The idea: if someone is recording Claude Code’s API traffic to train a competing model, the fake tools pollute that training data. It’s gated behind a GrowthBook feature flag (tengu_anti_distill_fake_tool_injection) and only active for first-party CLI sessions.

This was one of the first things people noticed in the HN thread. Whether you see this as smart defensive engineering or anti-competitive behavior probably depends on which side of the distillation debate you’re on.

There’s also a second anti-distillation mechanism in betas.ts (lines 279-298): server-side connector-text summarization. When enabled, the API buffers the assistant’s text between tool calls, summarizes it, and returns the summary with a cryptographic signature. On subsequent turns, the original text can be restored from the signature. If you’re recording API traffic, you only get the summaries, not the full reasoning chain.

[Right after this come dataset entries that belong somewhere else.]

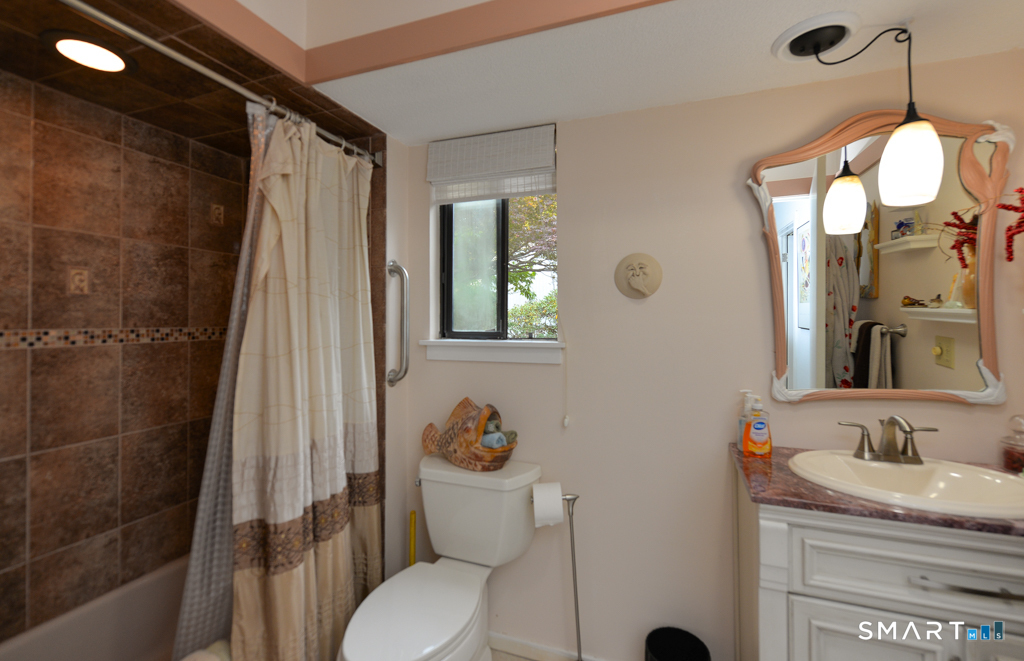 1004 Heritage Village Southbury CT 06488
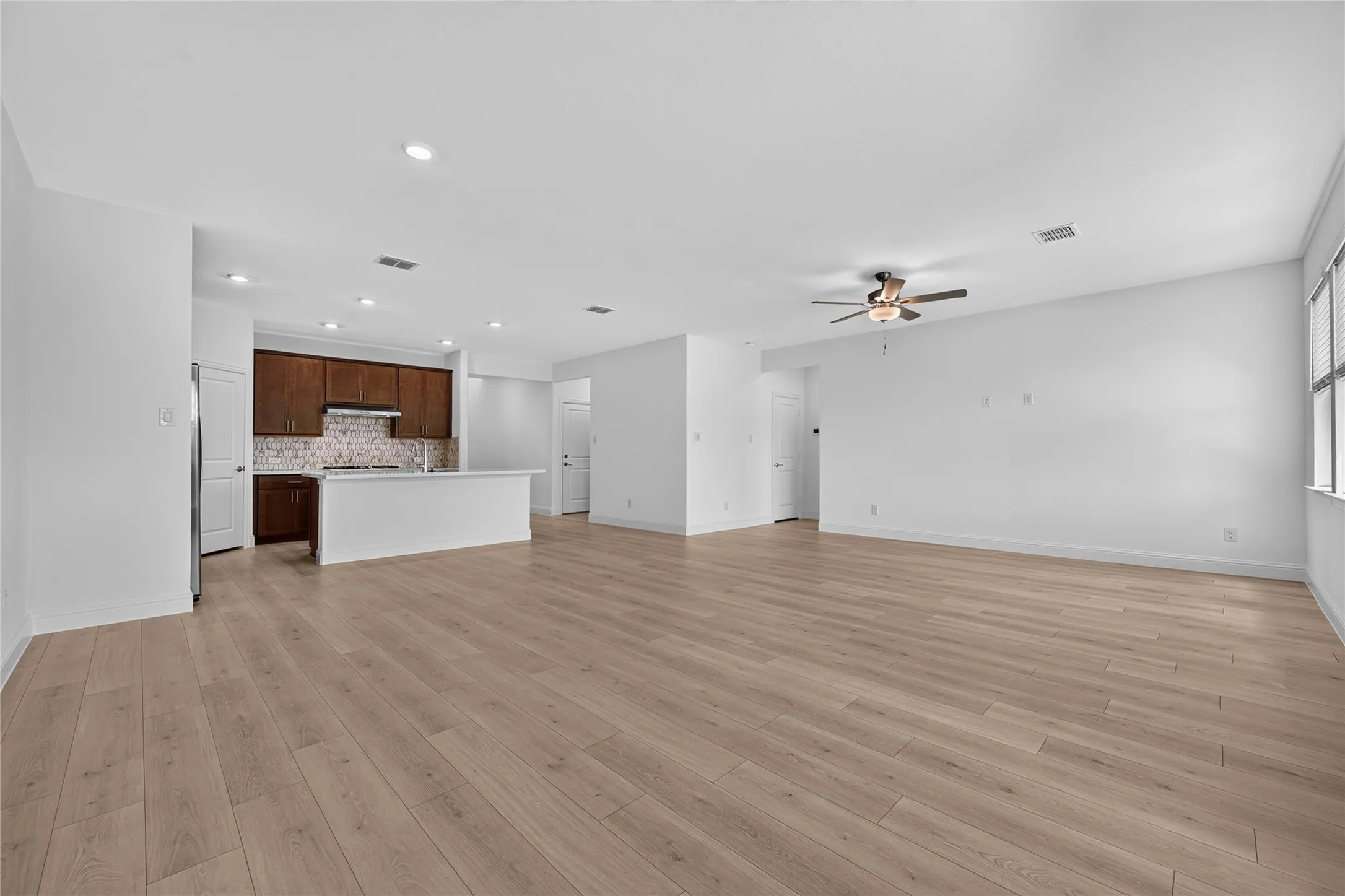1433 Mustang Canyon Drive ~ Ready Now!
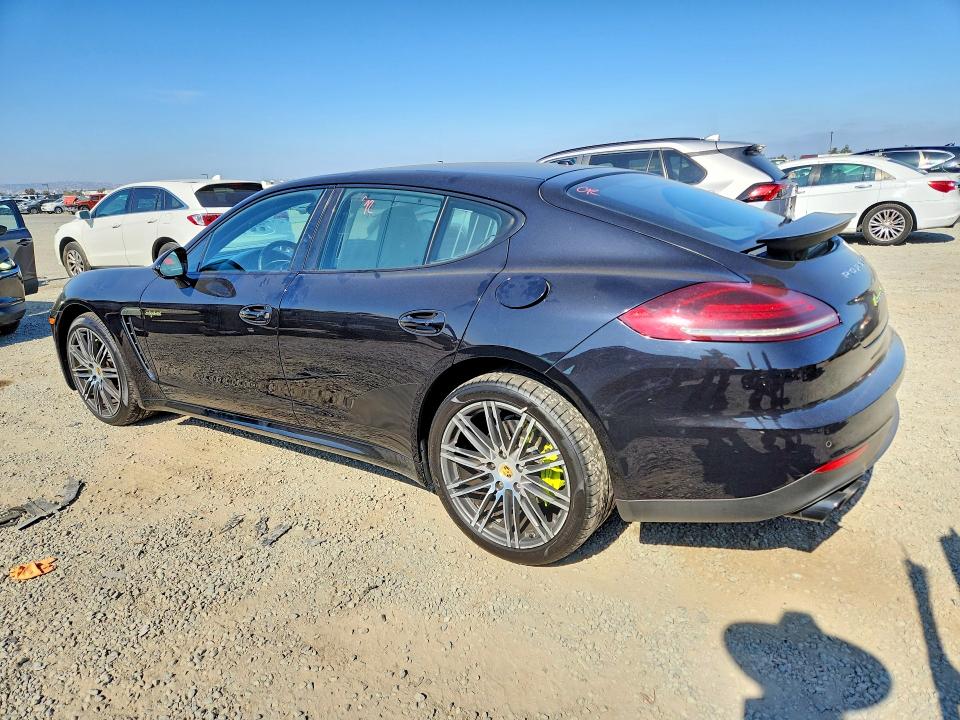 2015 Porsche Panamera VIN WP0AD2A78FL040849 COPART salvage auction — MINOR DENT/SCRATCHES, Mt - Dis/Dlr/Exp Only Clean Title, sold $7,000 on 2026-07-31 (photo 2)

How hard would it be to work around these? Not very. Looking at the activation logic in claude.ts, the fake tools injection requires all four conditions to be true: the ANTI_DISTILLATION_CC compile-time flag, the cli entrypoint, a first-party API provider, and the tengu_anti_distill_fake_tool_injection GrowthBook flag returning true. A MITM proxy that strips the anti_distillation field from request bodies before they reach the API would bypass it entirely, since the injection is server-side and opt-in. The shouldIncludeFirstPartyOnlyBetas() function also checks for CLAUDE_CODE_DISABLE_EXPERIMENTAL_BETAS, so setting that env var to a truthy value disables the whole thing. And if you’re using a third-party API provider or the SDK entrypoint instead of the CLI, the check never fires at all. The connector-text summarization is even more narrowly scoped: it’s Anthropic-internal-only (USER_TYPE === 'ant'), so external users won’t encounter it regardless.

Anyone serious about distilling from Claude Code traffic would find the workarounds in about an hour of reading the source. The real protection is probably legal, not technical.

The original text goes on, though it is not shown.